• [Prompt] Begin your transcription at the line containing "Imagem de Sachê" and continue it, word for word, to the final line below. Include only those lines and skip the pictures.

━━━━━━━━━━━━━━━━

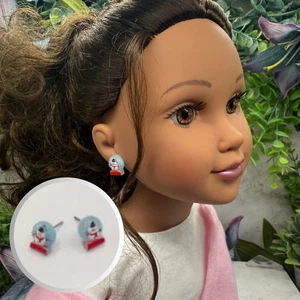 Weihnachten Schneekugel Schneemann Post Puppe Ohrringe • 18 Zoll Puppenschmuck - Bild 1 von 11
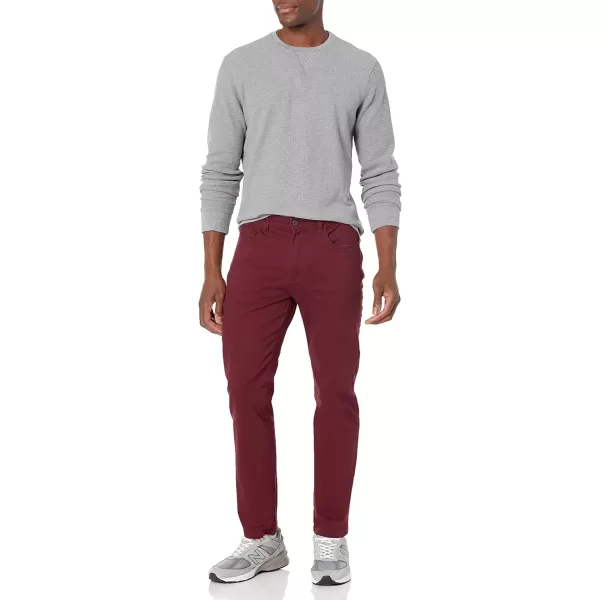 Amazon Essentials Mens StraightFit 5Pocket Comfort Stretch Chino Pant Previously GoodthreadsBurgundy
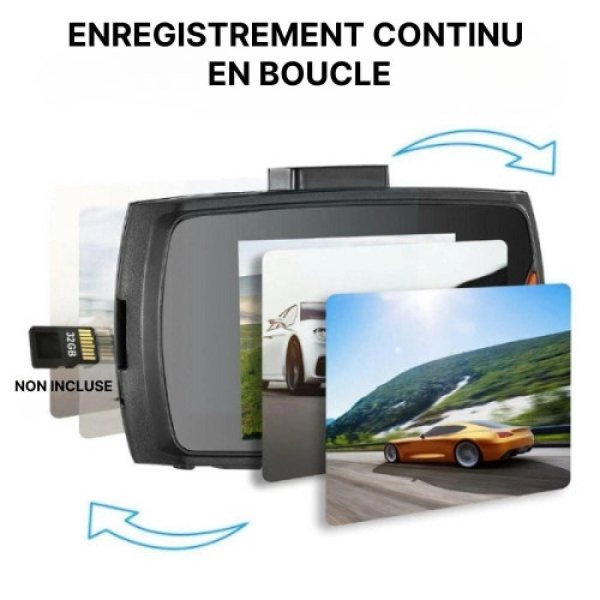 Caméra de Voiture Intérieure et Extérieure – Dashcam Sans Fil avec Enregistrement Continu pour Sécurité et Protection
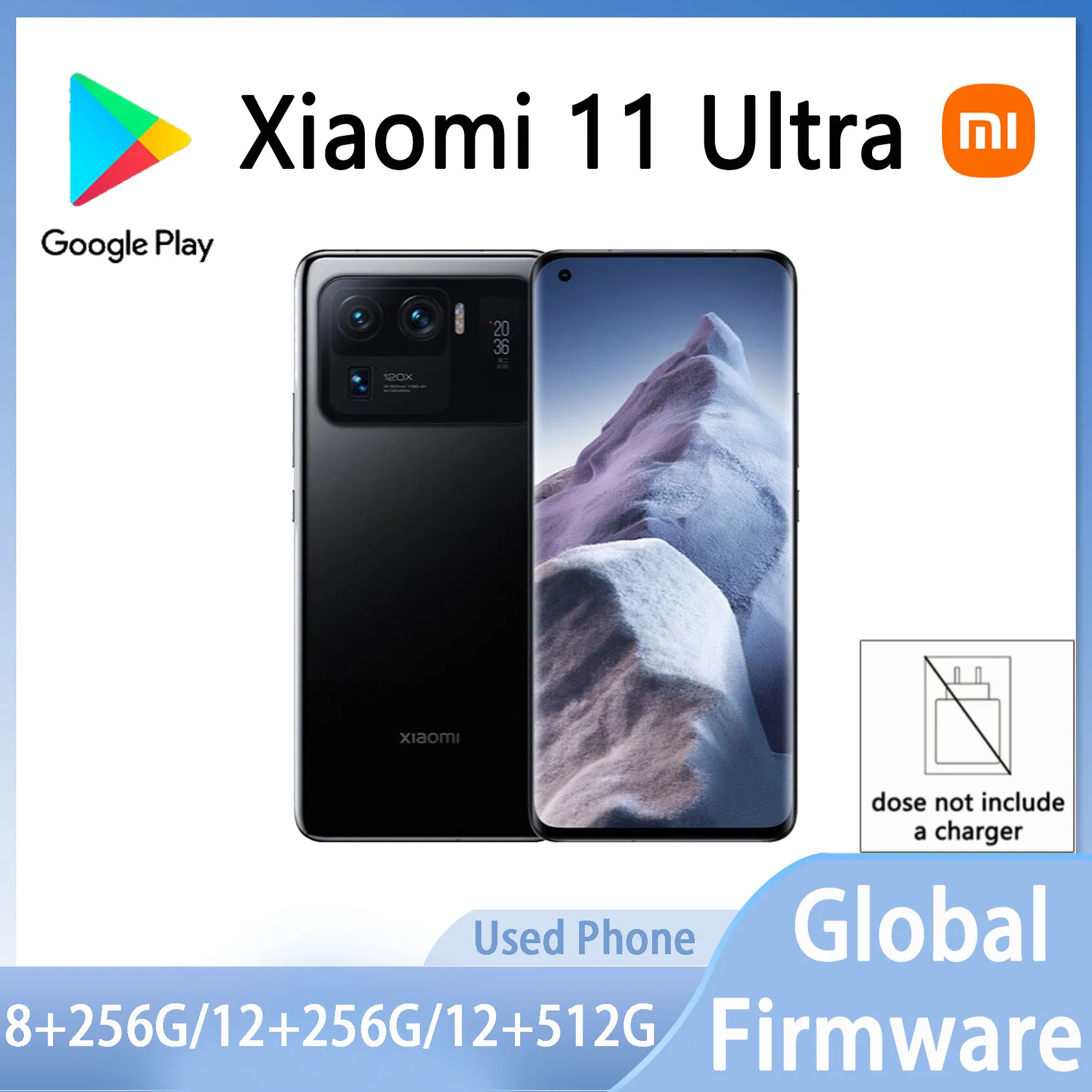 MIXiaomi 11 Ultra 5G Smartphone Global firmware HyperOS 1.0  50MP Camera 6.81” Display AndroidSnapdragon 888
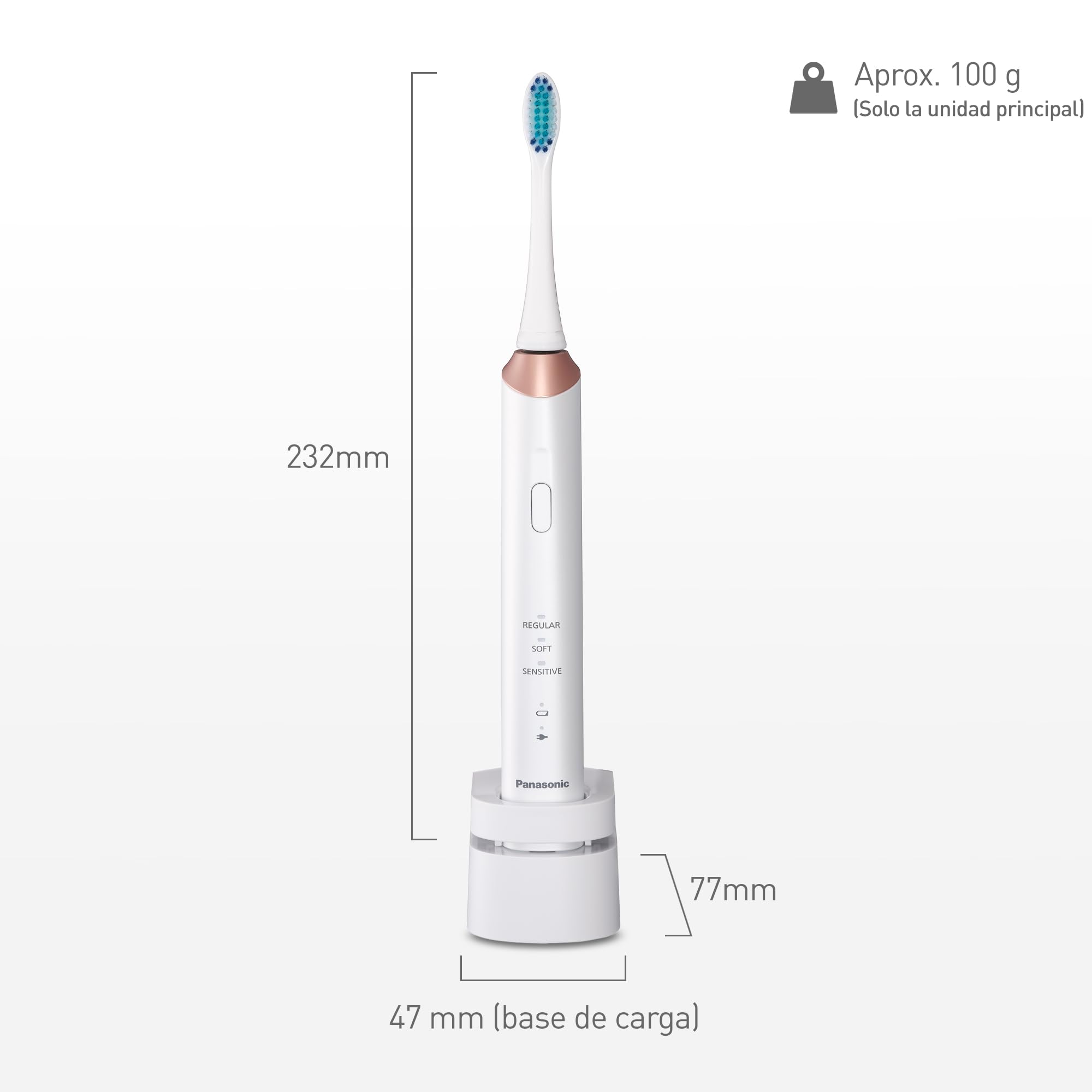 Panasonic EW-DC12 Cepillo de Dientes Eléctrico con Vibraciones Sónicas (3 Modos de Uso, Recargable, Movimiento Horizontal, Limpieza Profunda de la Boca), Blanco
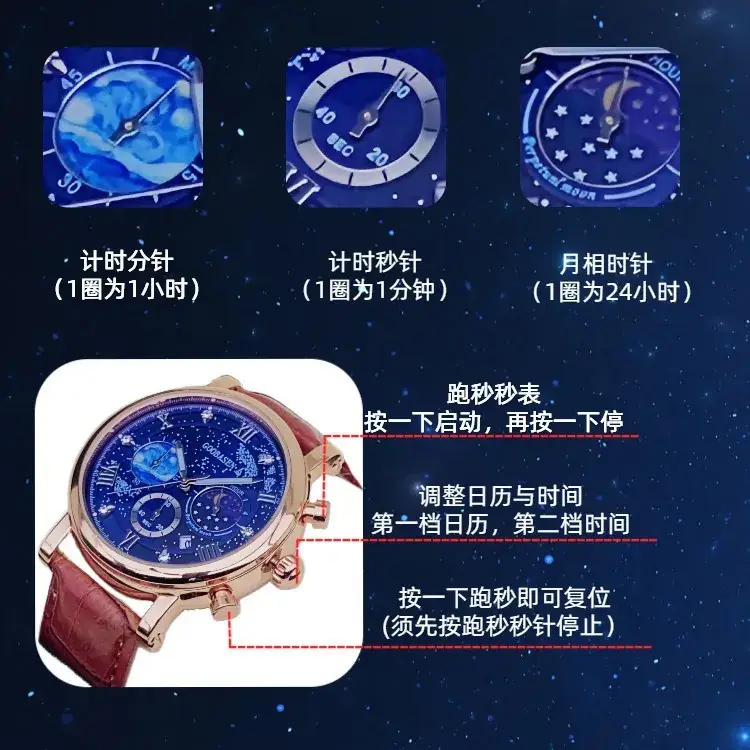 Men's Multifunctional Chronograph Watch Blue Stainless Steel - Image 11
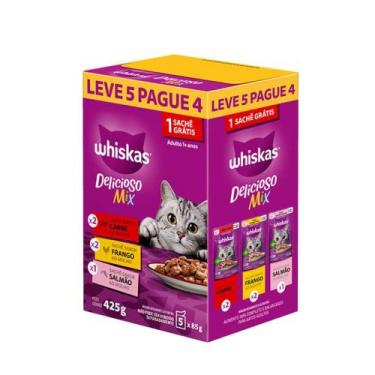 Imagem de Sachê Whiskas Delicioso Mix para Gatos Adultos Carne, Frango e Salmão 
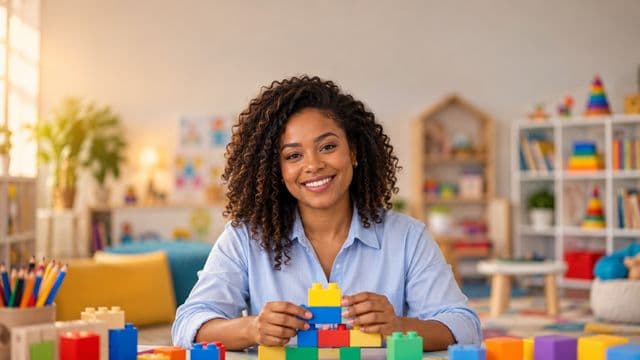 Psicopedagoga sorrindo, com camisa azul-clara, segurando blocos de montar coloridos, em uma sala de atendimento infantil colorida e organizada, com brinquedos pedagógicos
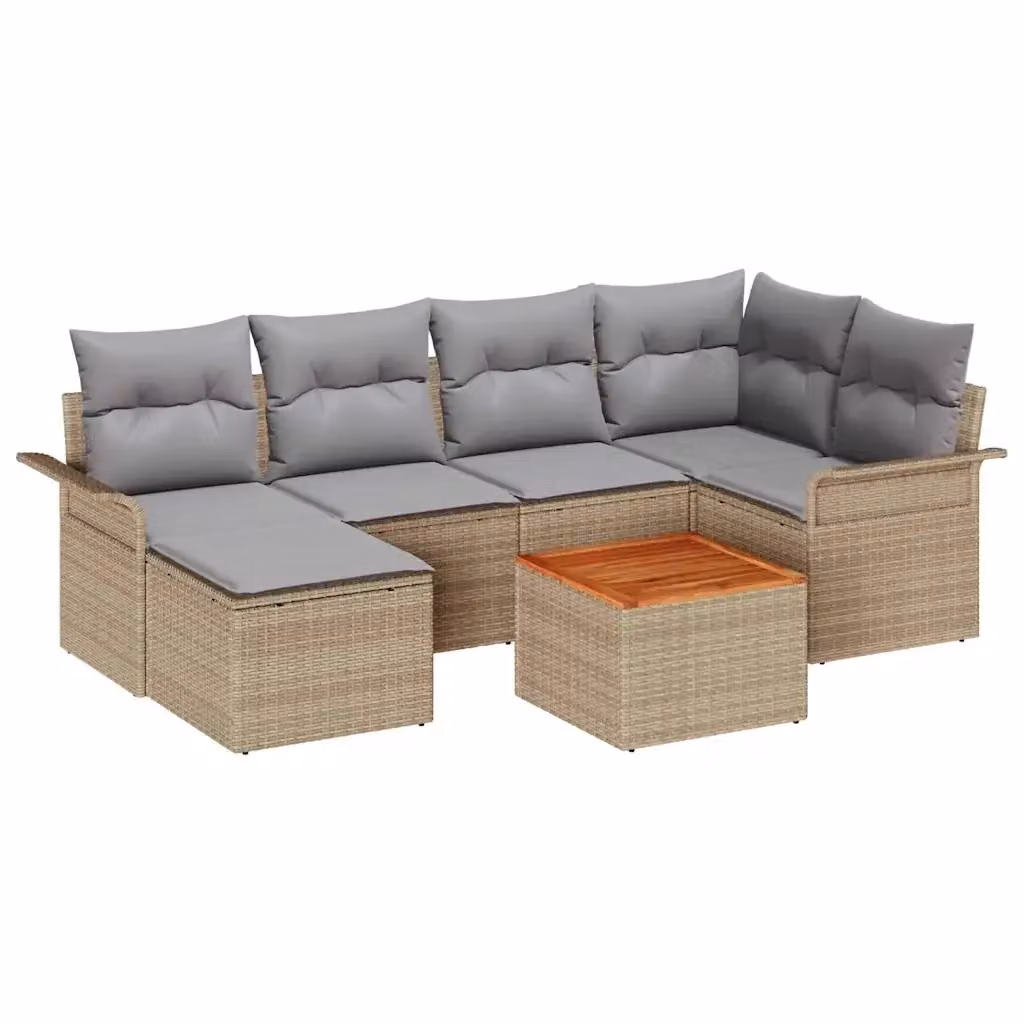 Set Divano da Giardino vidaXL 7 Pezzi Beige con Cuscini e Tavolino in Polyrattan e Acciaio – 2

━━━━━━━━━━━━━━━━

• [Worked solution]
 Imagem de Sachê Whiskas Delicioso Mix para Gatos Adultos Carne, Frango e Salmão 
 Psicopedagoga sorrindo, com camisa azul-clara, segurando blocos de montar coloridos, em uma sala de atendimento infantil colorida e organizada, com brinquedos pedagógicos
 Set Divano da Giardino vidaXL 7 Pezzi Beige con Cuscini e Tavolino in Polyrattan e Acciaio – 2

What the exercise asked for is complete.